In fact, it was Clara's cleverness that saved him. Though I'm not sure I see the point of having Clara forget the events of "Journey to the Centre of the TARDIS" only to remember them later (other than pure story convenience), the answer to her character's overarching mystery felt very earned, even it if played into writer Steven Moffat's tendency to create grandfather paradoxes. It was via Clara that "The Name of the Doctor" became a bit of a retrospective episode. The rather ingenious insertion of Clara into stock footage of older Doctor Who episodes is probably the closest we'll get to having all eleven Doctors in a single episode.
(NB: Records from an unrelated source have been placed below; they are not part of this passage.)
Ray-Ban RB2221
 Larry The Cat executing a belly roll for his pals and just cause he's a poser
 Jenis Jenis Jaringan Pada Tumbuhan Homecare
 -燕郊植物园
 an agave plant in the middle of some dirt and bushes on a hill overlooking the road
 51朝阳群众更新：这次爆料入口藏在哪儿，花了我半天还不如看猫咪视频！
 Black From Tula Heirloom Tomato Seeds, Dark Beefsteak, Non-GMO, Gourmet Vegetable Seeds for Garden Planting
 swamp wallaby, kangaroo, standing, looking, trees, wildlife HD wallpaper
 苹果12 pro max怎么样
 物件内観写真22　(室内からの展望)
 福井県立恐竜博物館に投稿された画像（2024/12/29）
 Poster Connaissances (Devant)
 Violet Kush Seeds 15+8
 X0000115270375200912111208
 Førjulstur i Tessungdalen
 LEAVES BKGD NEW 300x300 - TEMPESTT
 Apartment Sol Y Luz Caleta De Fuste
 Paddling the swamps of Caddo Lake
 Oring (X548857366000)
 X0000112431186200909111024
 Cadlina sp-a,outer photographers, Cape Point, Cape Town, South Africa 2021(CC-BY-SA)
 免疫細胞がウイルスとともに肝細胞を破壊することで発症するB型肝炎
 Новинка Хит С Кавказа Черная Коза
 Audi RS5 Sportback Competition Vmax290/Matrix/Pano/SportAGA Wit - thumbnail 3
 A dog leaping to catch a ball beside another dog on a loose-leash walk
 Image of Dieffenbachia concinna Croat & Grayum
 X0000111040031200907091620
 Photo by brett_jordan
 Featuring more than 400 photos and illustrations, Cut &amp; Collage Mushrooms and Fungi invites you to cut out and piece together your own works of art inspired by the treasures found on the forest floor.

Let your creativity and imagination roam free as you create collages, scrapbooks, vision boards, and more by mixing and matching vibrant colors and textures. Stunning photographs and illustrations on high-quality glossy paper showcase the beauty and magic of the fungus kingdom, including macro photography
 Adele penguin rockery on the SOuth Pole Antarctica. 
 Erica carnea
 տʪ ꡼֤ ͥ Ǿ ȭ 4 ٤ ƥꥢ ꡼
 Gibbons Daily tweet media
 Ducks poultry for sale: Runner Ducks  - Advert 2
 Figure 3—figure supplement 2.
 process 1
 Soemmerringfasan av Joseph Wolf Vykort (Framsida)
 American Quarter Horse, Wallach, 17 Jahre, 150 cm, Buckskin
It set a retrospective mood for November's 50th Anniversary special, but also made room for a very significant change to the Doctor's mythology.
That change comes in the form of John Hurt, who was rather dramatically introduced in the final seconds of the episode as "The Doctor" -- but, according to the Eleventh Doctor, he's the one who broke the rules. He's the black sheep of the Doctor's incarnations, even more so than the Valeyard (who was gratifyingly name-dropped just minutes before). Hurt's incarnation of the Doctor seems to have committed some of the atrocities that the Great Intelligence declared the Doctor responsible for -- but what exactly those atrocities are remains to be seen (we'll probably find out in the 50th Anniversary).
So who is this new incarnation of the Doctor? The fact that the Eleventh Doctor knows a lot about his history seems to indicate that he's an older incarnation of the Doctor. The obvious guess is that he was the incarnation of the Doctor that existed during the Time War (between Paul McGann and Christopher Eccleston). The Doctor's actions during the Time War -- which doomed both the Daleks and the Time Lords -- are the ones he appears to regret the most, and it seems logical that he'd apply that blame to an actual aspect of his personality.
But this new incarnation of the Doctor, whoever he is, is absolutely intriguing. Why haven't we heard about him before? What sort of personality does he have? And how awesome is it that John Hurt himself is playing the character? (He's most recognizable for his roles in films like Harry Potter and the Sorcerer's Stone, V for Vendetta, and Nineteen Eighty-Four, but of all his films I most highly recommend The Hit, a fantastic little gangster drama.)
What did you think of "The Name of the Doctor"? Can you handle waiting until November 23 for the 50th Anniversary Special?